▶ _WORK REQUEST_
Given these entries, repeat exactly the lines starting with the one that has "Antique Knocker" and going on through the one that has "Men's Winter Thickened", both included, but none of the pictures.

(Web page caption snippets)
--

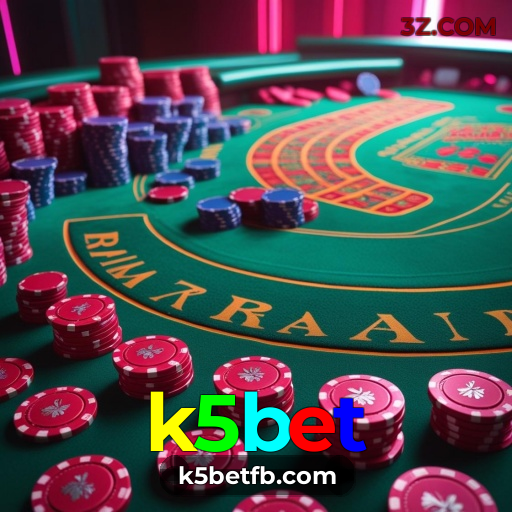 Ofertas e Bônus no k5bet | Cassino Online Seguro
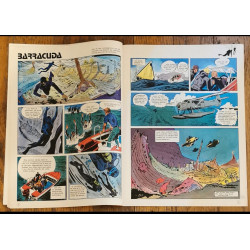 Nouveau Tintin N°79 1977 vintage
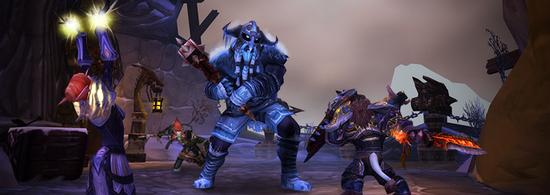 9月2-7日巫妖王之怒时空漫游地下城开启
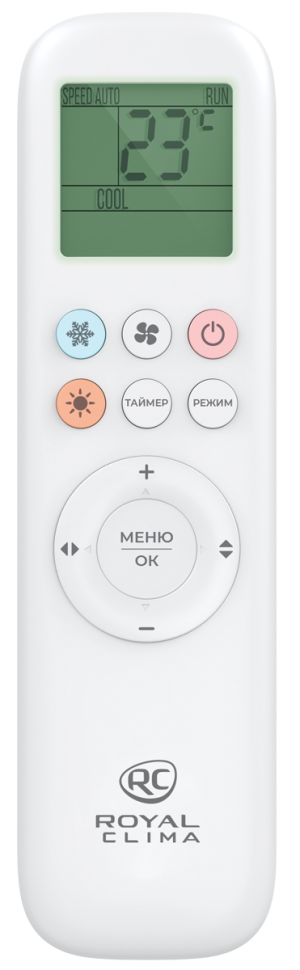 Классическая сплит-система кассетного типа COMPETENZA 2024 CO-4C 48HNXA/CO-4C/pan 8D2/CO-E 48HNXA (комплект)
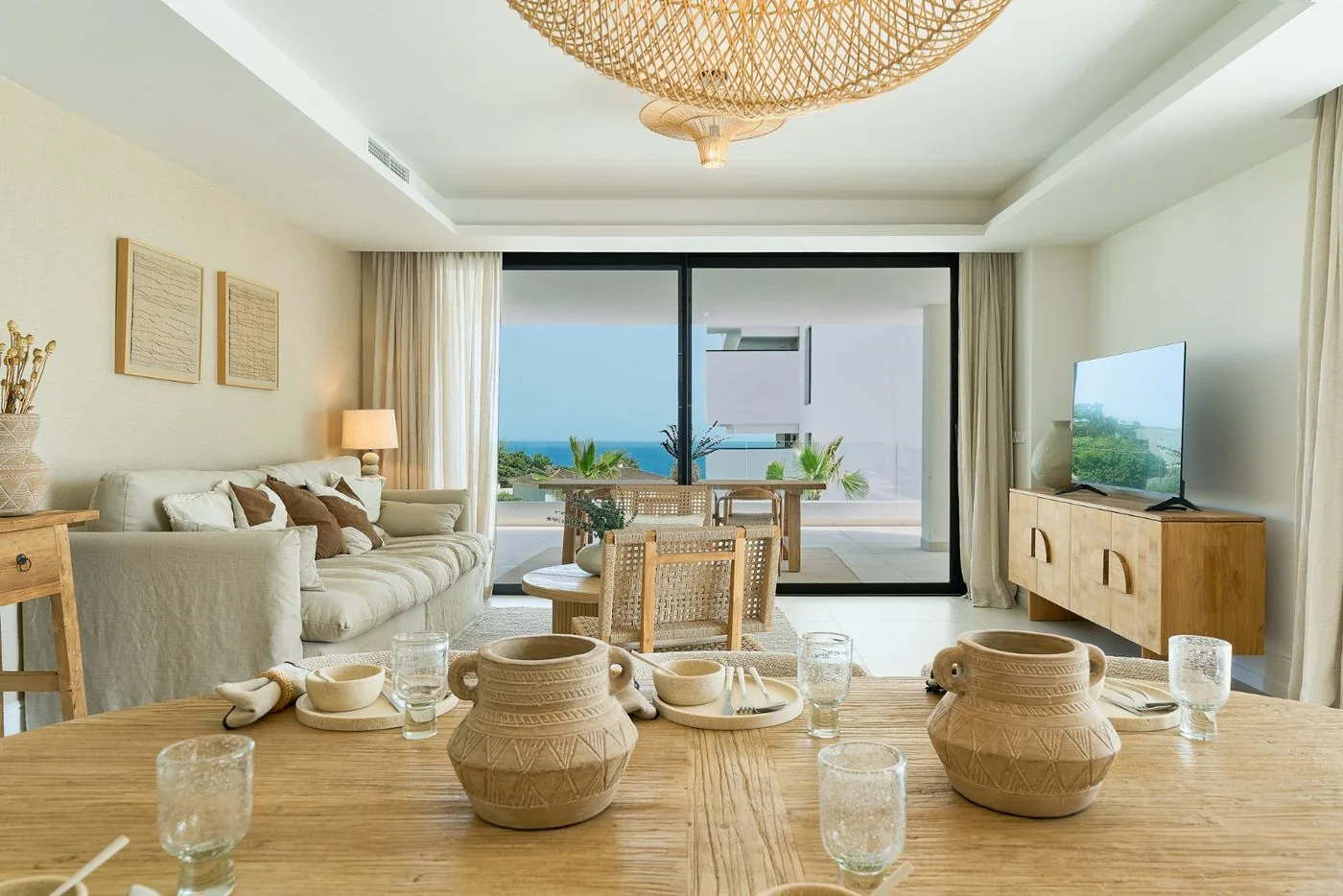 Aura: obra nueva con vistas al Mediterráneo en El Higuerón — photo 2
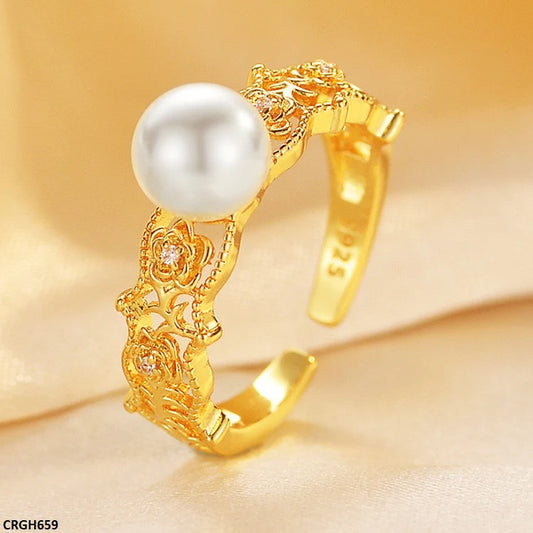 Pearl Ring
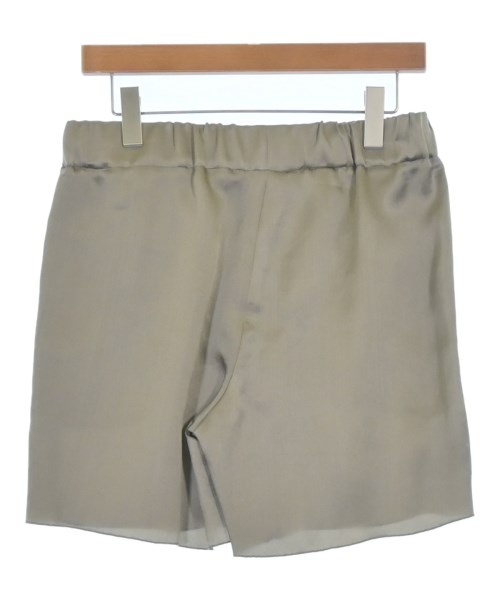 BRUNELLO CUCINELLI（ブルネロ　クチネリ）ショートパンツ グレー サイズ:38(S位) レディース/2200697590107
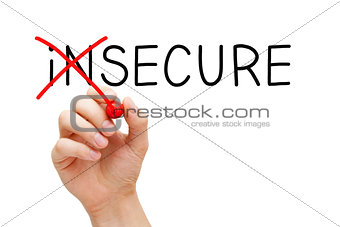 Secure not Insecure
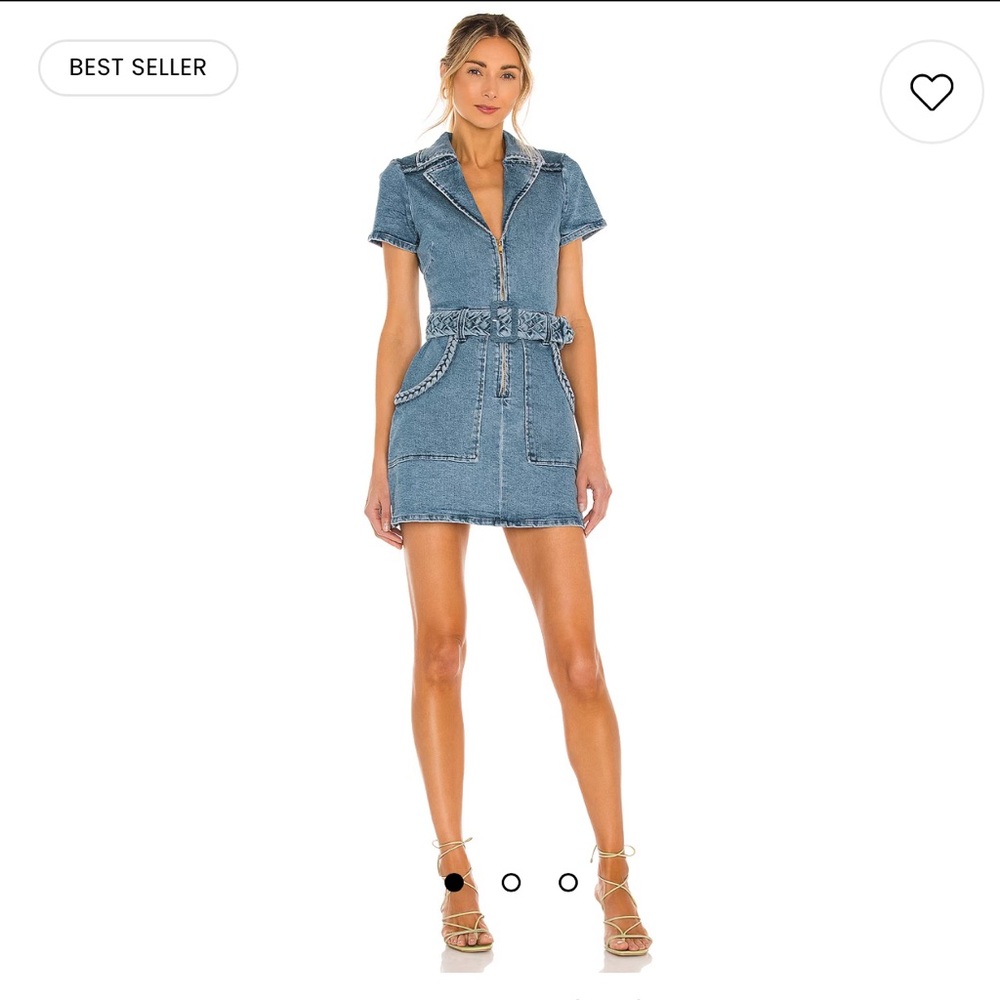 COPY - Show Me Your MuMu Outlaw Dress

--

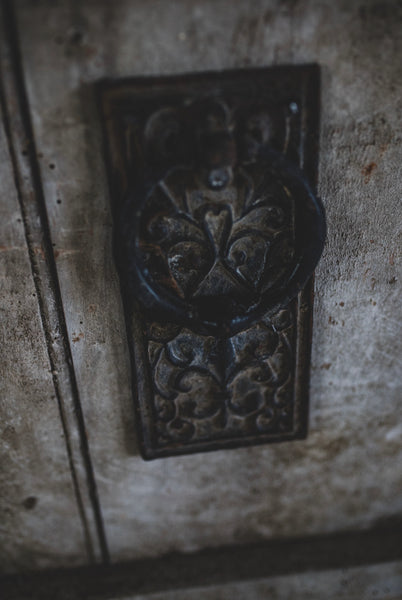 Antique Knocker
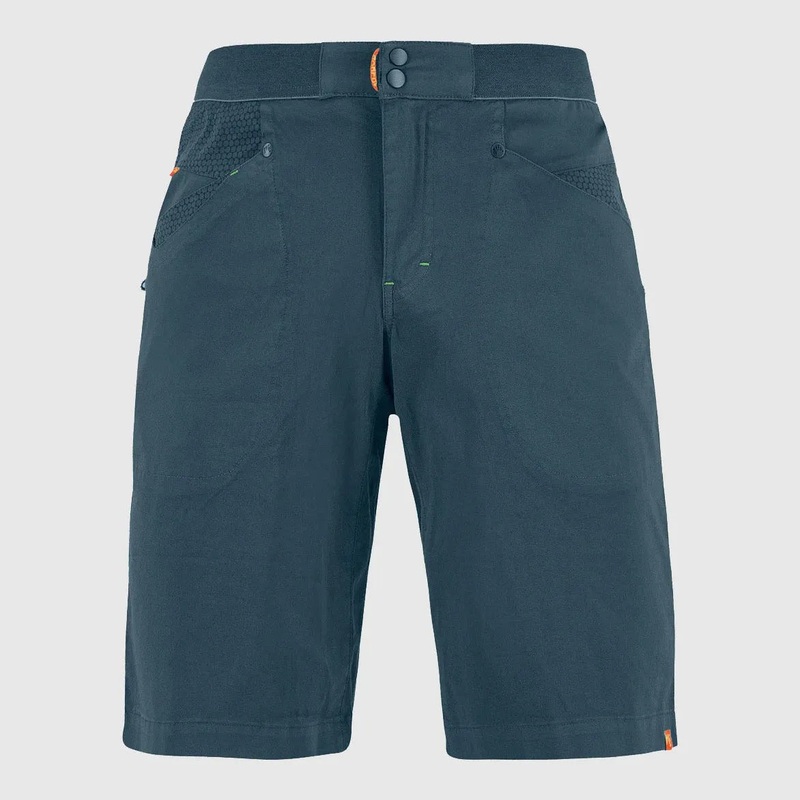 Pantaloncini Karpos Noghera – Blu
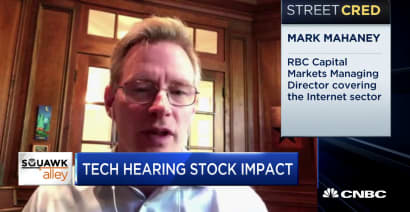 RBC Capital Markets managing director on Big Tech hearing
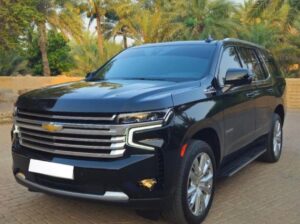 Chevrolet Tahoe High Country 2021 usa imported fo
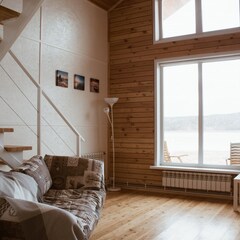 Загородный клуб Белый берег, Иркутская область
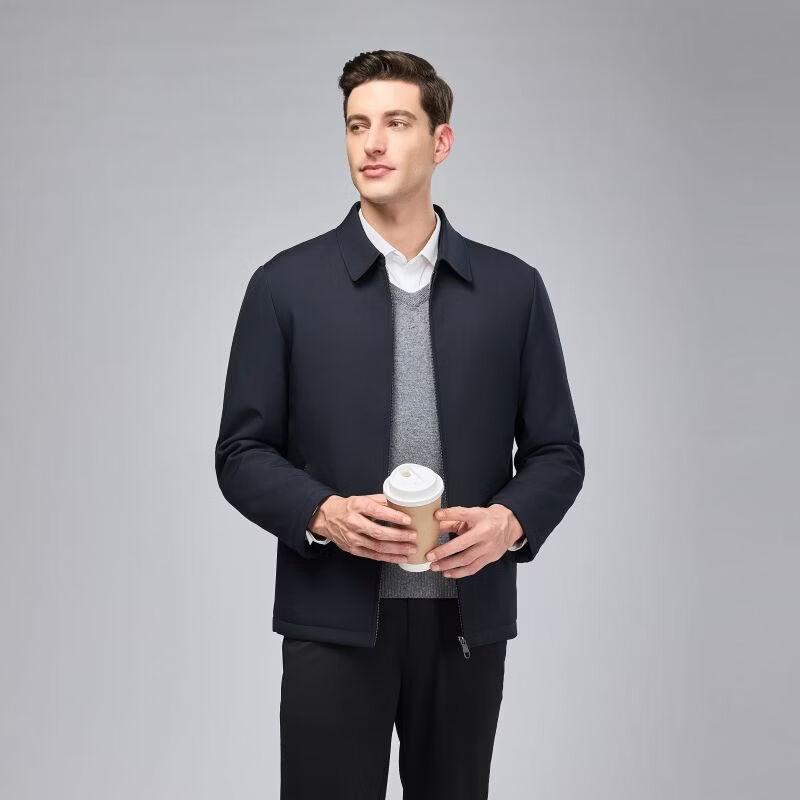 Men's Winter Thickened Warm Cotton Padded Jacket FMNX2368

--

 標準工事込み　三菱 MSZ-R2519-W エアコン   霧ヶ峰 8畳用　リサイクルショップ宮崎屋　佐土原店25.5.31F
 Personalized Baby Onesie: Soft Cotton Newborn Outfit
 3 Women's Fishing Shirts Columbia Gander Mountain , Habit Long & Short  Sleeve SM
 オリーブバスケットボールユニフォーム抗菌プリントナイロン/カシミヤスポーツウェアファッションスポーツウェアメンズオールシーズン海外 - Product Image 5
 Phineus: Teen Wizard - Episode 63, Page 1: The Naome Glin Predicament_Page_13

--

▶ _ANSWER BOX_
 Antique Knocker
 Pantaloncini Karpos Noghera – Blu
 RBC Capital Markets managing director on Big Tech hearing
 Chevrolet Tahoe High Country 2021 usa imported fo
 Загородный клуб Белый берег, Иркутская область
 Men's Winter Thickened Warm Cotton Padded Jacket FMNX2368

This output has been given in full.